EXERCISE DIRECTIONS
Repeat the records exactly, minus the pictures.

***** RECORD EXCERPTS

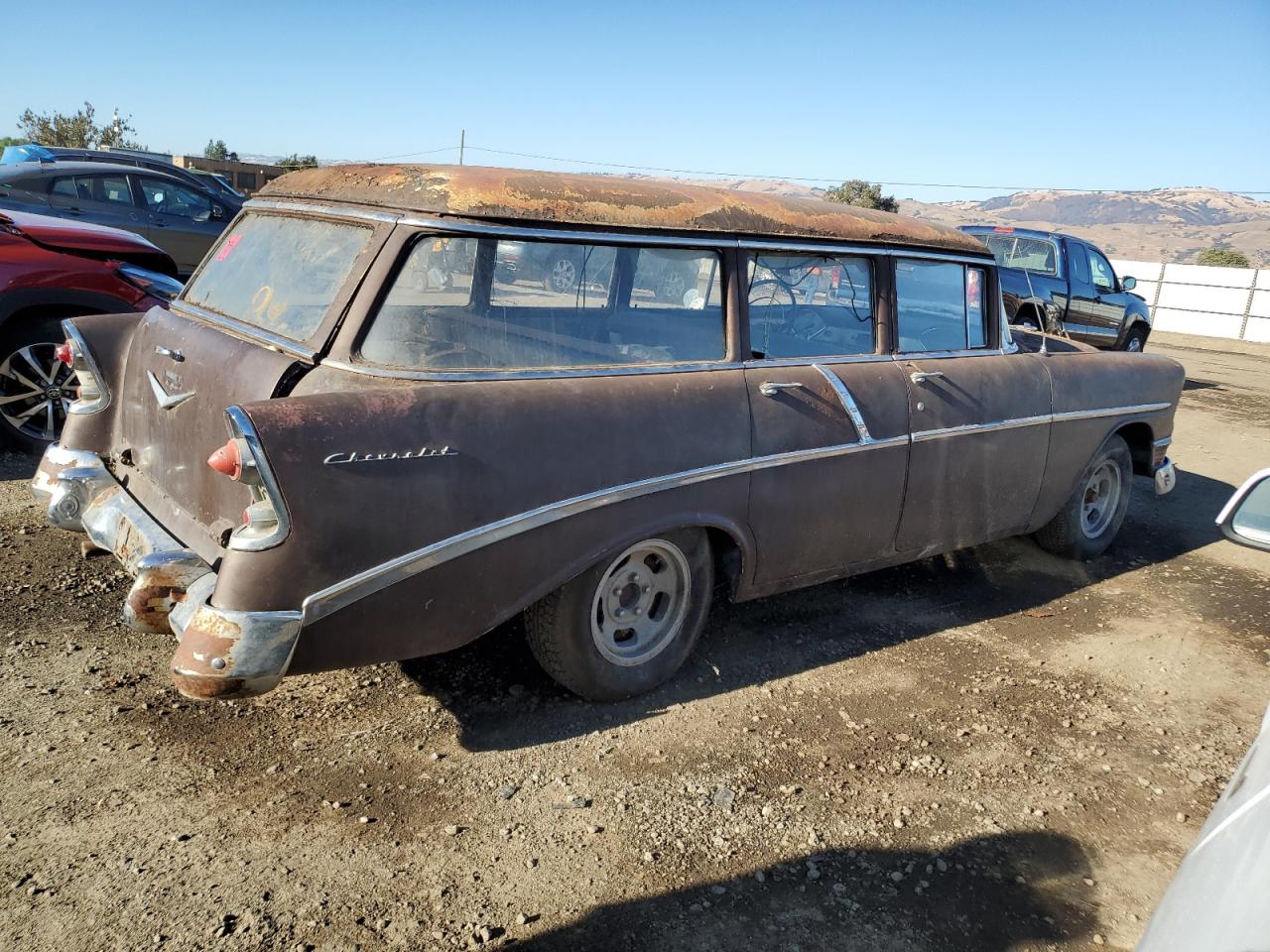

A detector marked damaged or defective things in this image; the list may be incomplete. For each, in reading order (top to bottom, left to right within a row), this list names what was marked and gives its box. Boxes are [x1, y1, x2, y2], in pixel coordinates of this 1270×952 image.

rust patch on roof [257, 164, 985, 255]
rusty metal surface [260, 164, 990, 254]
rusty car roof [260, 164, 990, 255]
rusted bumper section [33, 446, 302, 700]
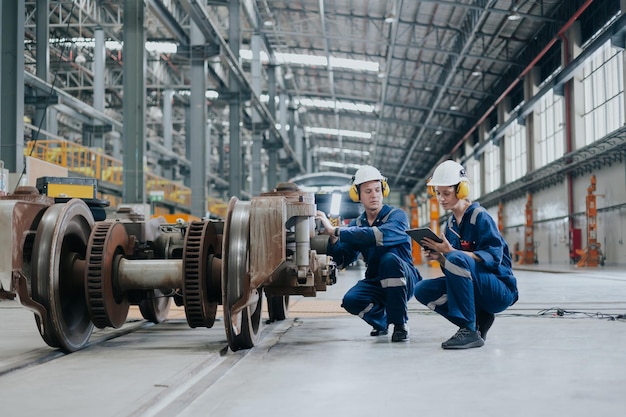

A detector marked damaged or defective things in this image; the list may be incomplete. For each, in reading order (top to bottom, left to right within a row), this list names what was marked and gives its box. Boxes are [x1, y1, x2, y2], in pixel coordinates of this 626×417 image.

rusty train wheel [31, 198, 94, 352]
rusty train wheel [84, 223, 132, 326]
rusty train wheel [180, 219, 219, 326]
rusty train wheel [221, 198, 262, 352]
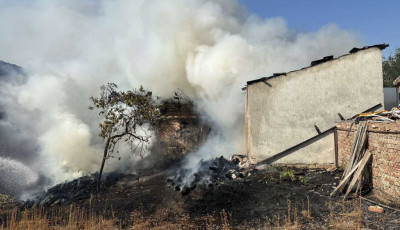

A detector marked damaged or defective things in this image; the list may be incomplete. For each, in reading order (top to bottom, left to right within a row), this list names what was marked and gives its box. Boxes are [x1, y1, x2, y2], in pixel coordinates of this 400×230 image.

damaged brick wall [152, 99, 209, 164]
charred wooden debris [166, 155, 256, 196]
damaged brick wall [338, 122, 400, 199]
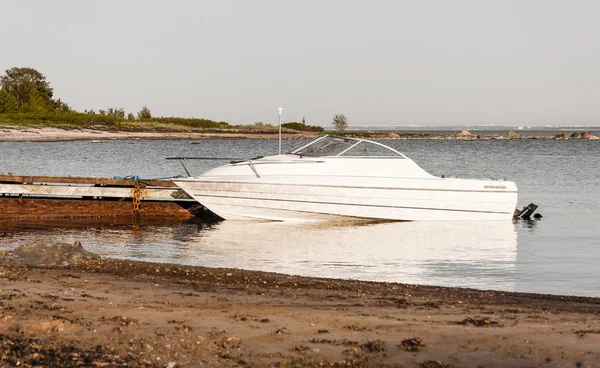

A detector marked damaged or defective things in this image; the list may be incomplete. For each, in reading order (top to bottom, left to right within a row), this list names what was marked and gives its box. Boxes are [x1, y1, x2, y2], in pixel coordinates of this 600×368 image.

rusty dock [0, 173, 204, 220]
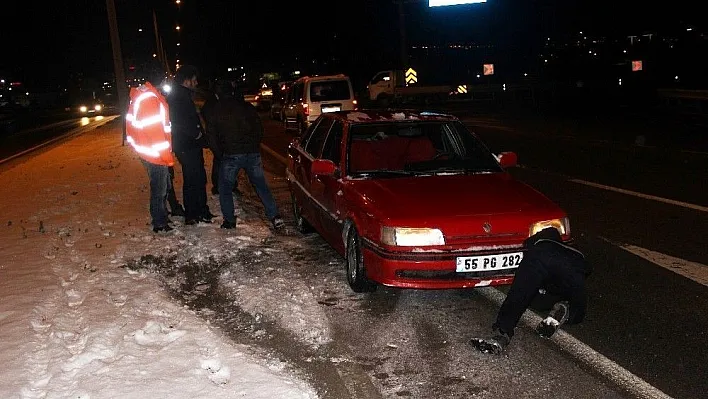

**********

RESULT FOR THIS EXERCISE
A detector marked damaged or defective things in this image; the list may be incomplete. For each, in reading order (top to bottom, left to right within a row), this list names what was marked and gives its box. Boxes are [x1, y1, x2, y2], in pixel coordinates of this 1270×952 image.

rust patch on roof [257, 164, 985, 255]
rusty metal surface [260, 164, 990, 254]
rusty car roof [260, 164, 990, 255]
rusted bumper section [33, 446, 302, 700]

A detector marked damaged or defective things in this image; the list may be incomplete. For each, in reading order (top to bottom, left to right within a row), this list names what was marked and gives its box. Boxes are [x1, y1, x2, y2], in pixel coordinates of this 626×417 image.

rusty train wheel [31, 198, 94, 352]
rusty train wheel [84, 223, 132, 326]
rusty train wheel [180, 219, 219, 326]
rusty train wheel [221, 198, 262, 352]

A detector marked damaged or defective things in this image; the list may be incomplete. For each, in reading order (top to bottom, left to right within a row), this list names what was marked and gives its box. Boxes are [x1, y1, x2, y2], in pixel coordinates of this 400×230 image.

damaged brick wall [152, 99, 209, 164]
charred wooden debris [166, 155, 256, 196]
damaged brick wall [338, 122, 400, 199]

A detector marked damaged or defective things in this image; the list may be incomplete. For each, in reading order (top to bottom, left to right within a row), this list names what was marked and gives its box. Boxes are [x1, y1, x2, y2], in pixel coordinates of this 600×368 image.

rusty dock [0, 173, 204, 220]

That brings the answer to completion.